So what's the problem? Admission to the "Singaporean Good Life" doesn't come cheap. Singapore, perhaps more than any other expat hub, has a two-tier housing system. While 1 percent of the population lives in high-end luxury homes, like those at Sentosa Cove, 84 percent of the rest live in public housing as private spaces become more unaffordable. "Public housing in Singapore is just not for the low-income. It's for the middle-income and even the upper-middle-income," says Mah Bow Tan, Singapore's minister for National Development.
The situation won't get better any time soon. Increasingly, the city's competitiveness hinges on the arrival of ever more foreign professionals. Some 30 percent of its population today are foreigners, compared with just 14 percent in 1990. Singapore's declining birthrate means this ratio will increase further. A bifurcated city is taking shape. On one side: a vibrant metropolis with tree-lined shopping arcades, fashionable bars and restaurants, gourmet grocers, art galleries and lavish condominiums. On the other: a public-housing heartland of small flats where most of the population resides, generally content, but without any real hope of escape as the price gap between private and public housing keeps widening.
Singapore's public housing was conceived of shortly after independence as a means to elevate poor Singaporeans from slums. Households could purchase or rent subsidized flats, often with government loans, in developments that rank among the best-managed facilities of their kind in the world. Buildings are usually well maintained. Strict integration policies also prevent them from becoming ethnic enclaves, as did housing projects in France or the United States, for example. Indeed, they were a critical component in the government's campaign to engineer a multi-racial society from a population consisting of Chinese, Malay and Indian immigrants.
Until recent years, the plan was to shrink the city-owned share of the housing stock over time, as owners who grew more prosperous sold their starter flats and moved into more-luxurious private digs, and fewer first-time buyers required subsidized housing. Now it looks like Singapore's rising international stature and popularity among expatriates could undermine that plan. Exploding home prices recently forced the Housing Ministry to raise the maximum grant for first-time buyers by 50 percent and relax the qualifying criteria for lower-income households. "This is quite a significant shift from several years back, when the government indicated that the role of [the Housing and Development Board] may be down-sized," says Chua Hak Chin, economist at Citigroup.
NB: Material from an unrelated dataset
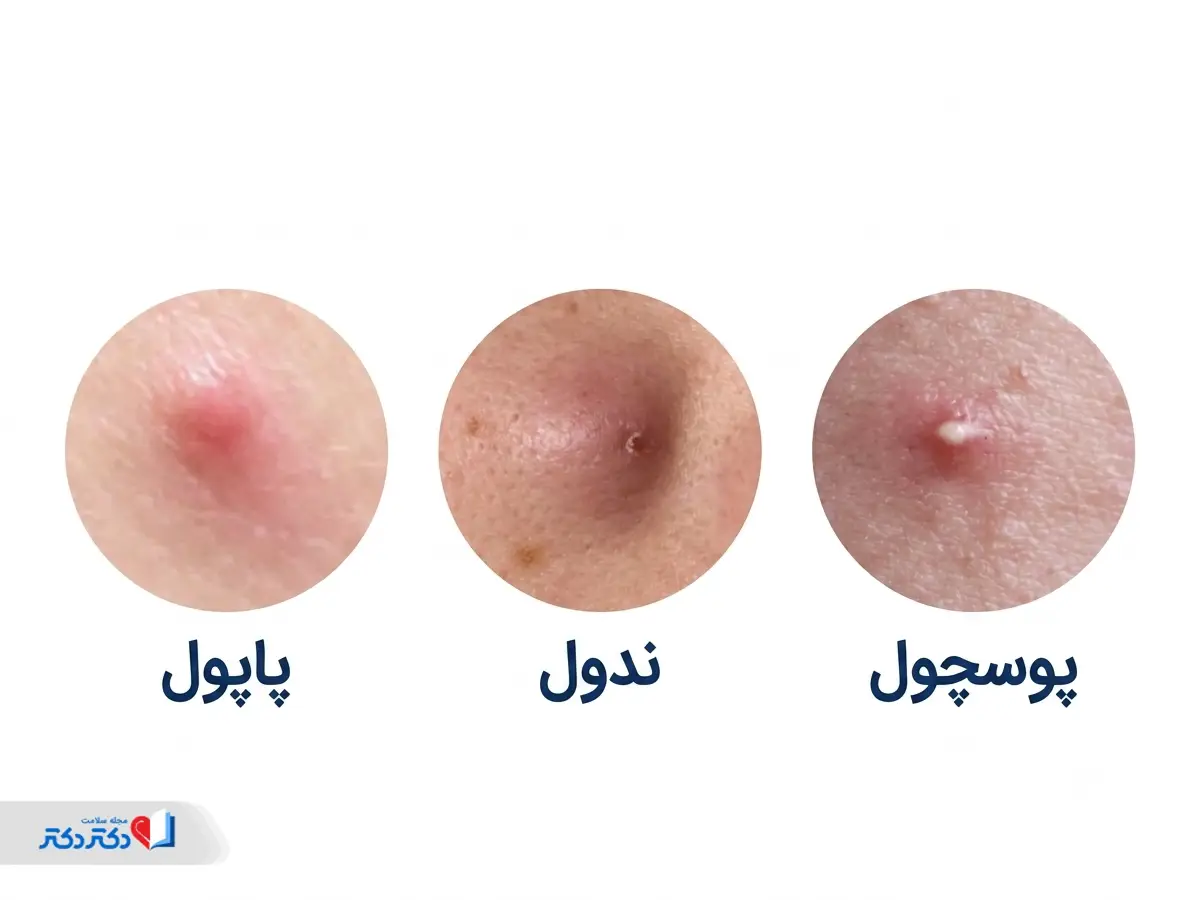 انواع لک صورت شامل پاپول، ندول و پوسچول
Efforts are also underway to spruce up the facilities. Recent designs look more like private housing; the architecture has become less utilitarian and more environmentally aware. One planned development even has a beach and a boat dock. Still, while such schemes might tamp down resentment felt toward the select few who can afford the gated-access lifestyle on display at Sentosa Cove, they don't change the fact that in Singapore, one of the richest places in Asia, even the middle class are now risking getting off the private-property ladder.